**Task goal**
In the listing, locate the line containing "A mouthwatering selection", then quote it and all following lines exactly. Omit pictures.

== Segment start ==

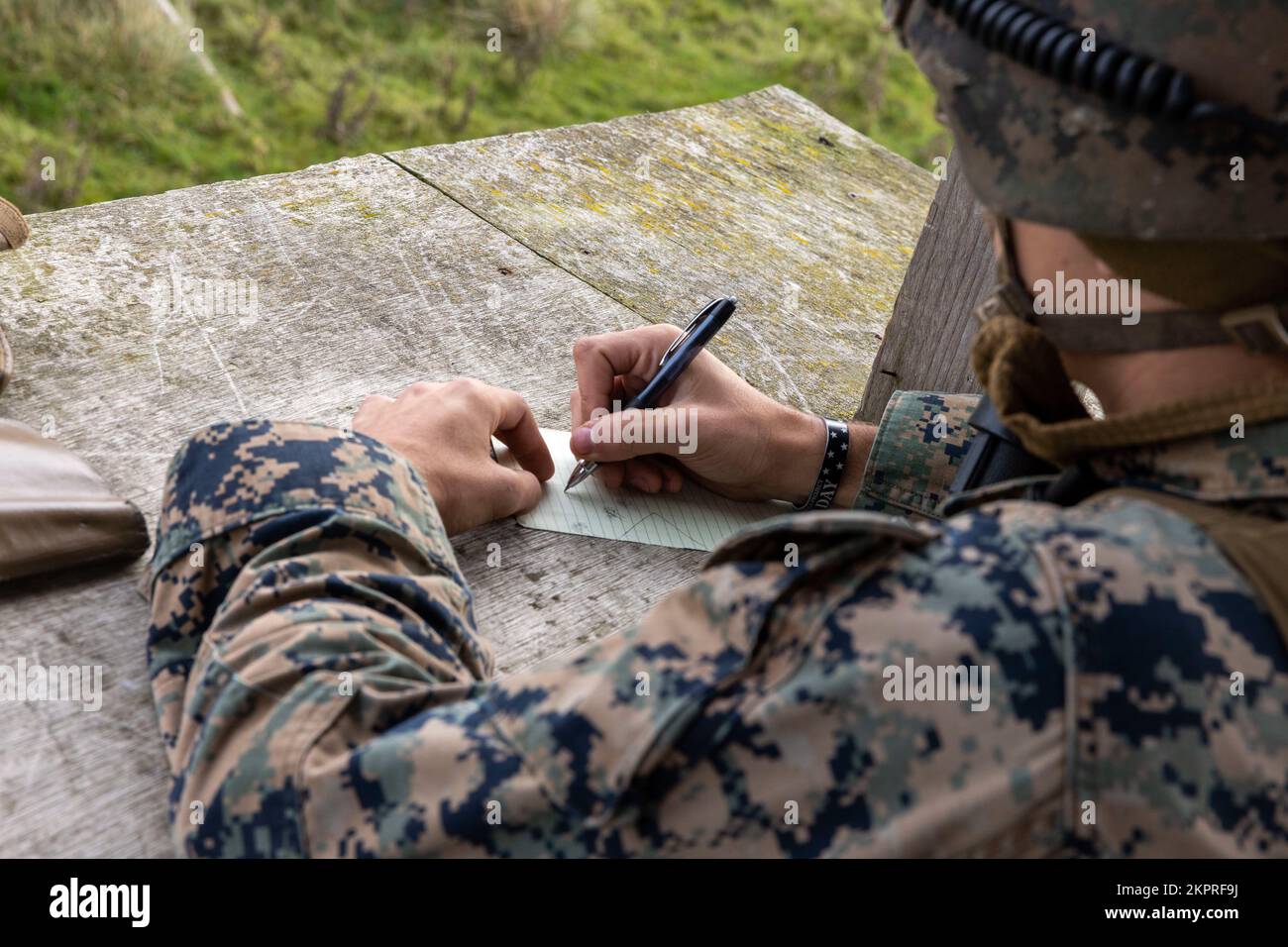 U.S. Marine Corps Lance Cpl. Edwin Fleming, a rifleman with 2nd Platoon, Alpha Company, Fleet Anti-terrorism Security Team, Marine Corps Security Force Regiment, draws the perimeter of a simulated forward operating base for a Marine Readiness Exercise (MRX) during Tartan Eagle phase II, near York, Europe, Nov. 2, 2022. An MRX is conducted prior to a deployment to ensure Marines are capable to execute essential mission objectives. Marines and British Royal Marines with 43 Commando Fleet Protection Group Royal Marines to travel to each other's training facilities to exchange tactics, techniques Stock Photo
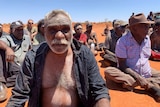Ned Hargraves sits in a mob in Yuendumu.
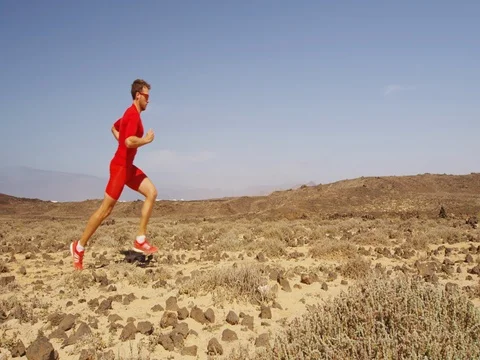Runner athlete man running on trail in desert Stock Footage 75058067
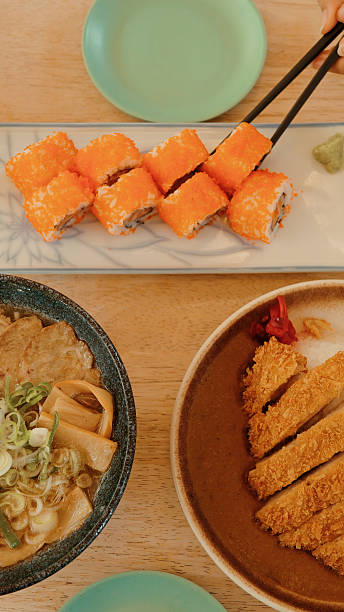 A mouthwatering selection of Japanese food including sushi, ramen, and curry rice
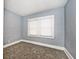 Spacious bedroom with gray walls and gray carpeting at 1058 N Holmes Ave, Indianapolis, IN 46222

== Segment end ==

**Response area**
 A mouthwatering selection of Japanese food including sushi, ramen, and curry rice
 Spacious bedroom with gray walls and gray carpeting at 1058 N Holmes Ave, Indianapolis, IN 46222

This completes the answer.